_Assigned task_
Nothing in the data may change. Copy all of it exactly.

_Records for processing_
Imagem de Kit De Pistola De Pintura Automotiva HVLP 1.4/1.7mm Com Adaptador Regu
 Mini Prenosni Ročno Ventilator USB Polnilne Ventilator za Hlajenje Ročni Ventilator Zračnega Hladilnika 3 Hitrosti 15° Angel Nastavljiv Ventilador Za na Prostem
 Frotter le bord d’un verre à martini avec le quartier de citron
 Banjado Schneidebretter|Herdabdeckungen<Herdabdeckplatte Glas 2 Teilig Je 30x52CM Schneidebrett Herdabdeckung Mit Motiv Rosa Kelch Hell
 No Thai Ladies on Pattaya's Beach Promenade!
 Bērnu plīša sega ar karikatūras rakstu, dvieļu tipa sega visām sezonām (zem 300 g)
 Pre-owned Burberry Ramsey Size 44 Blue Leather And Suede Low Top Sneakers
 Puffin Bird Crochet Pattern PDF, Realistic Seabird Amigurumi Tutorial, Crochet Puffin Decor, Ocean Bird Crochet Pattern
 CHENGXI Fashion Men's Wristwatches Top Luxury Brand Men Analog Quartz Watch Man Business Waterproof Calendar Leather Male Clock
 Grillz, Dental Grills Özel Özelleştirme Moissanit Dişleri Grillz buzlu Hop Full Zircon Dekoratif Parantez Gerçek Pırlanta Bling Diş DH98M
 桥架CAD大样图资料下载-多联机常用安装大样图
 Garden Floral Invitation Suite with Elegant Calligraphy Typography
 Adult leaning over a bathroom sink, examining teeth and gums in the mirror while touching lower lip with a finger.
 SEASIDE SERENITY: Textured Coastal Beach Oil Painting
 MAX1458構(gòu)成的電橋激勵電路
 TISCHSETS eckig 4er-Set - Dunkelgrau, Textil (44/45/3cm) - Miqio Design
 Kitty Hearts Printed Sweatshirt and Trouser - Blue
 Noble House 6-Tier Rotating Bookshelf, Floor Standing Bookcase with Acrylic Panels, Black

_Solution to this problem_
Imagem de Kit De Pistola De Pintura Automotiva HVLP 1.4/1.7mm Com Adaptador Regu
 Mini Prenosni Ročno Ventilator USB Polnilne Ventilator za Hlajenje Ročni Ventilator Zračnega Hladilnika 3 Hitrosti 15° Angel Nastavljiv Ventilador Za na Prostem
 Frotter le bord d’un verre à martini avec le quartier de citron
 Banjado Schneidebretter|Herdabdeckungen<Herdabdeckplatte Glas 2 Teilig Je 30x52CM Schneidebrett Herdabdeckung Mit Motiv Rosa Kelch Hell
 No Thai Ladies on Pattaya's Beach Promenade!
 Bērnu plīša sega ar karikatūras rakstu, dvieļu tipa sega visām sezonām (zem 300 g)
 Pre-owned Burberry Ramsey Size 44 Blue Leather And Suede Low Top Sneakers
 Puffin Bird Crochet Pattern PDF, Realistic Seabird Amigurumi Tutorial, Crochet Puffin Decor, Ocean Bird Crochet Pattern
 CHENGXI Fashion Men's Wristwatches Top Luxury Brand Men Analog Quartz Watch Man Business Waterproof Calendar Leather Male Clock
 Grillz, Dental Grills Özel Özelleştirme Moissanit Dişleri Grillz buzlu Hop Full Zircon Dekoratif Parantez Gerçek Pırlanta Bling Diş DH98M
 桥架CAD大样图资料下载-多联机常用安装大样图
 Garden Floral Invitation Suite with Elegant Calligraphy Typography
 Adult leaning over a bathroom sink, examining teeth and gums in the mirror while touching lower lip with a finger.
 SEASIDE SERENITY: Textured Coastal Beach Oil Painting
 MAX1458構(gòu)成的電橋激勵電路
 TISCHSETS eckig 4er-Set - Dunkelgrau, Textil (44/45/3cm) - Miqio Design
 Kitty Hearts Printed Sweatshirt and Trouser - Blue
 Noble House 6-Tier Rotating Bookshelf, Floor Standing Bookcase with Acrylic Panels, Black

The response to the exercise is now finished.